* [The problem]:
Once the line with "Blue Cotton Casual Round Neck Tee" is reached, output it and every line after it, exactly, through the end of the records below. Pictures are skipped.

Items listed in a dataset:
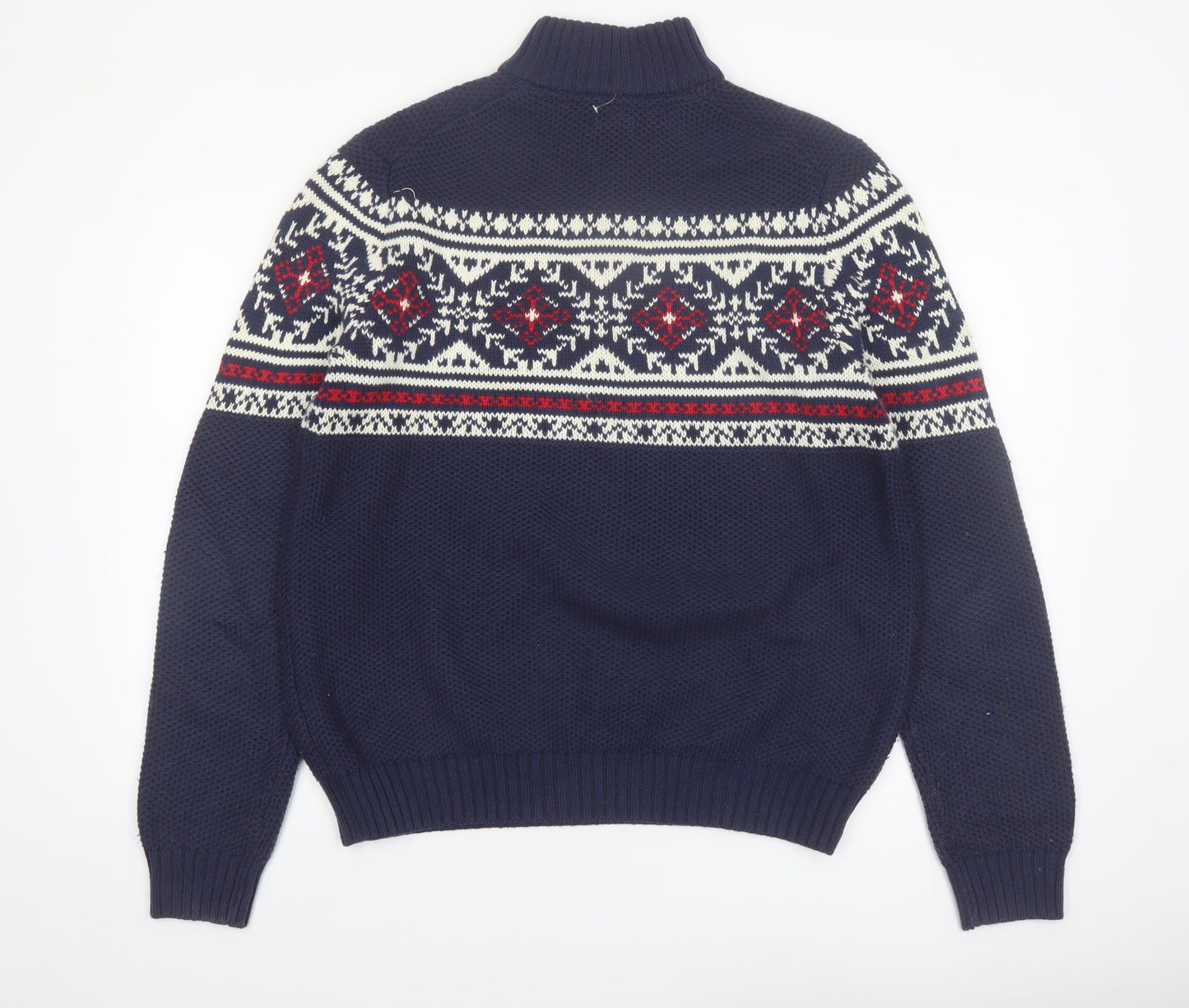 IZOD Men's Blue Fair Isle 1/2 Zip Cotton Knit Jumper M
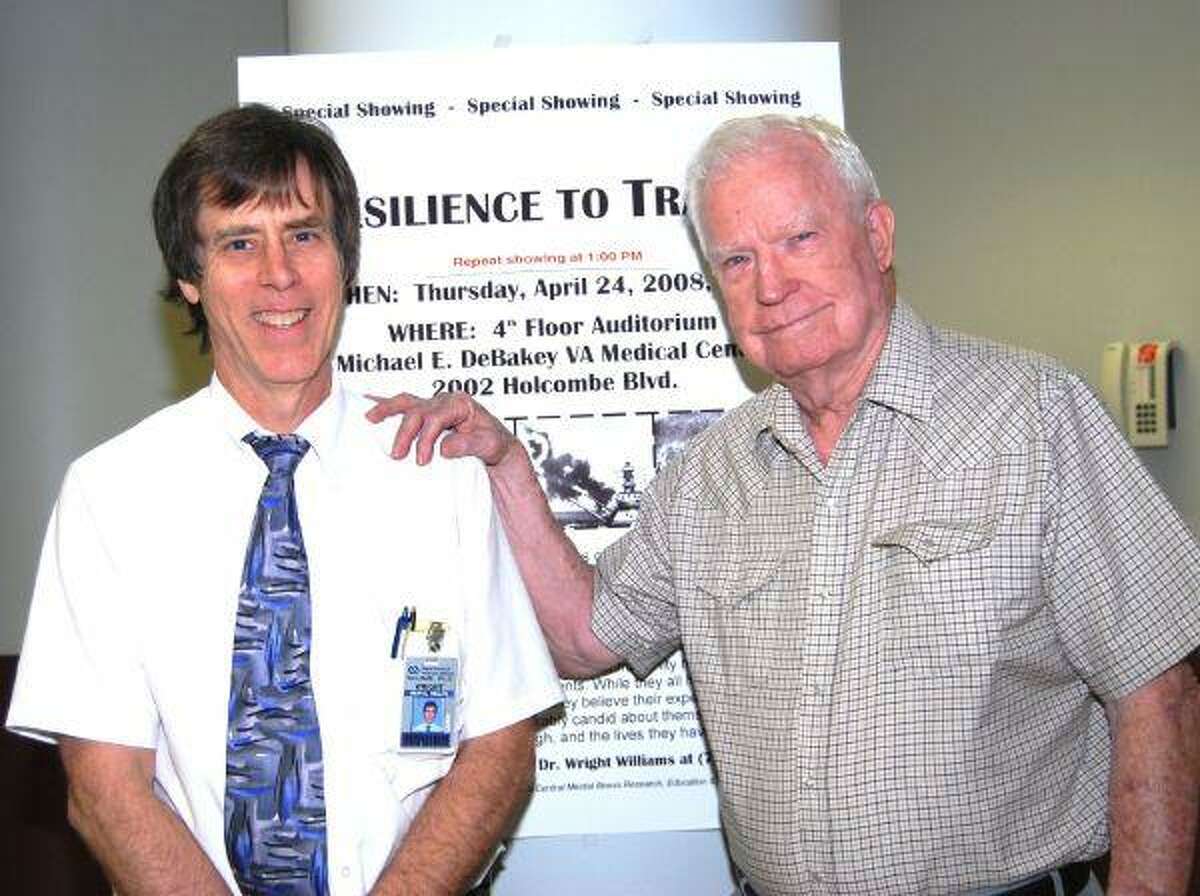 Wright Williams of Braeswood Place, a Trauma Recovery Program clinical psychologist, and U.S Air Force veteran John D. Collins recently attended the special showing of “Resilience to Trauma” at the Michael E. DeBakey VA Medical Center. Collins, who was a World War II prisoner of war from August 1943 to April 1944, shared his experiences in the documentary. For his work on the documentary, Williams earned the 2009 Department of Veteran Affairs South Central MIRECC Excellence in Education Award.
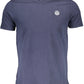 Blue Cotton Casual Round Neck Tee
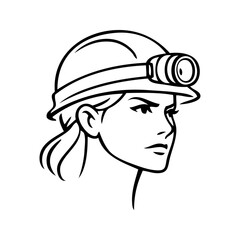 Logotipo con dibujo minimalista con líneas de la cara de una mujer con casco de minero con linterna frontal, con expresión decidida © teracreonte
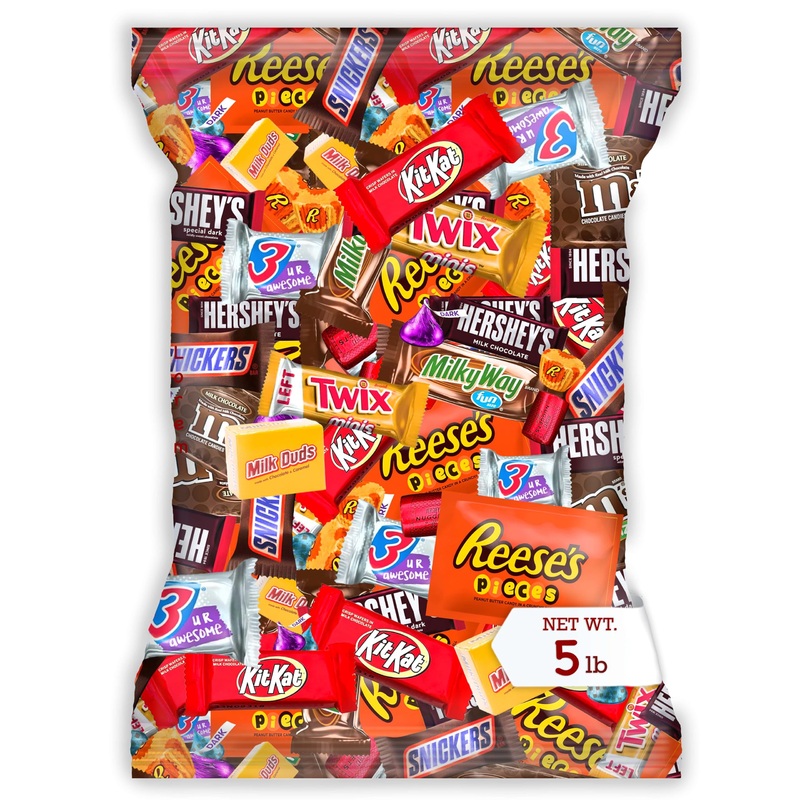 Bulk Chocolate Assortment Variety Pack – Chocolate Candy Variety Pack – 5 Lb Bag Of Mixed Bulk Chocolate, Milk Chocolate, Dark C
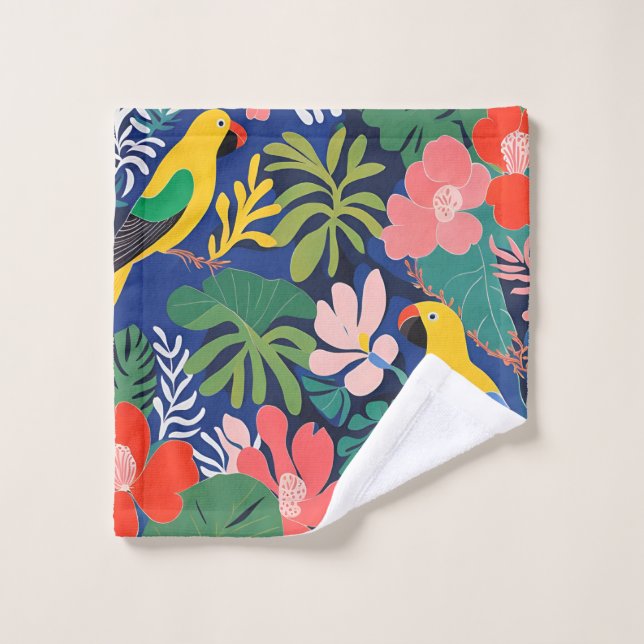 Expressionismus Parrots tropische Pflanze Kunst Badhandtuch Set (Waschlappen)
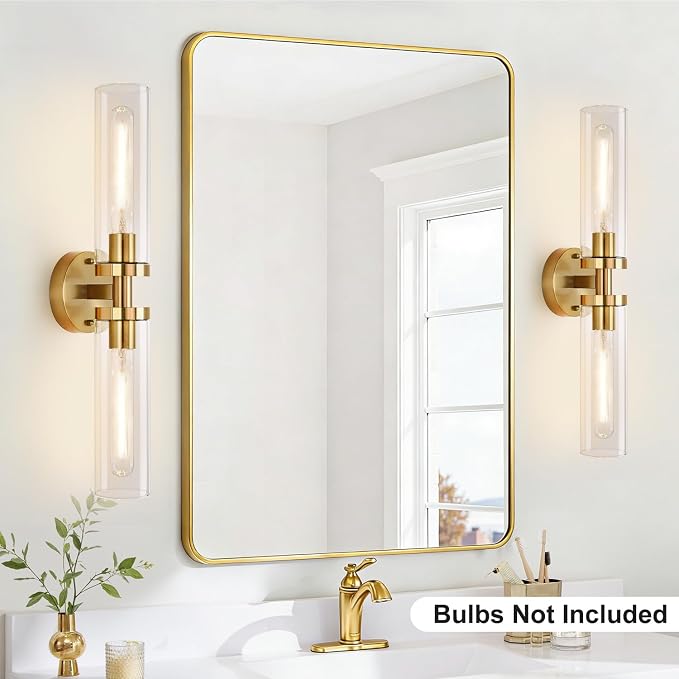 Indoi Brushed Gold Wall Sconces, Hardwired Bathroom Sconces Wall Lighting with Clear Glass, Modern Sconces Wall Light fixtures for Bathroom Mirror Living Room Hallway Bedroom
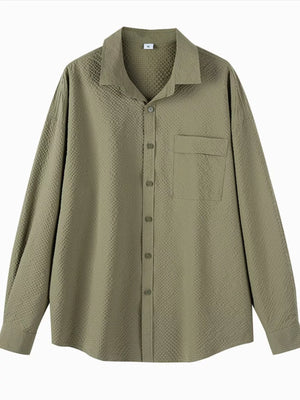 Pea green textured oversized button-up shirt with a chest pocket and classic collar.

* [Answer for the task]:
 Blue Cotton Casual Round Neck Tee
 Logotipo con dibujo minimalista con líneas de la cara de una mujer con casco de minero con linterna frontal, con expresión decidida © teracreonte
 Bulk Chocolate Assortment Variety Pack – Chocolate Candy Variety Pack – 5 Lb Bag Of Mixed Bulk Chocolate, Milk Chocolate, Dark C
 Expressionismus Parrots tropische Pflanze Kunst Badhandtuch Set (Waschlappen)
 Indoi Brushed Gold Wall Sconces, Hardwired Bathroom Sconces Wall Lighting with Clear Glass, Modern Sconces Wall Light fixtures for Bathroom Mirror Living Room Hallway Bedroom
 Pea green textured oversized button-up shirt with a chest pocket and classic collar.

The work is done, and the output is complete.